**Exercise description:** Each entry that follows needs to be written out exactly, with nothing left out.

**Data section:**

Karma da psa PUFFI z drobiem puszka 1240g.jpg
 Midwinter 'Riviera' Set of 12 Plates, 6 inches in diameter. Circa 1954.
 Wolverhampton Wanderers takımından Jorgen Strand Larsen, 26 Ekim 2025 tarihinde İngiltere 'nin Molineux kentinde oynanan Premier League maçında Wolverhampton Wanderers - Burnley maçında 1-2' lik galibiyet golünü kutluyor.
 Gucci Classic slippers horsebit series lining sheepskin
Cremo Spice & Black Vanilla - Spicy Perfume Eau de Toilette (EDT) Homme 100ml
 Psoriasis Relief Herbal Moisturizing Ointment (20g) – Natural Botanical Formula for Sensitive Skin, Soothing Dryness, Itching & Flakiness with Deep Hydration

**Output for this task:**
Karma da psa PUFFI z drobiem puszka 1240g.jpg
 Midwinter 'Riviera' Set of 12 Plates, 6 inches in diameter. Circa 1954.
 Wolverhampton Wanderers takımından Jorgen Strand Larsen, 26 Ekim 2025 tarihinde İngiltere 'nin Molineux kentinde oynanan Premier League maçında Wolverhampton Wanderers - Burnley maçında 1-2' lik galibiyet golünü kutluyor.
 Gucci Classic slippers horsebit series lining sheepskin
Cremo Spice & Black Vanilla - Spicy Perfume Eau de Toilette (EDT) Homme 100ml
 Psoriasis Relief Herbal Moisturizing Ointment (20g) – Natural Botanical Formula for Sensitive Skin, Soothing Dryness, Itching & Flakiness with Deep Hydration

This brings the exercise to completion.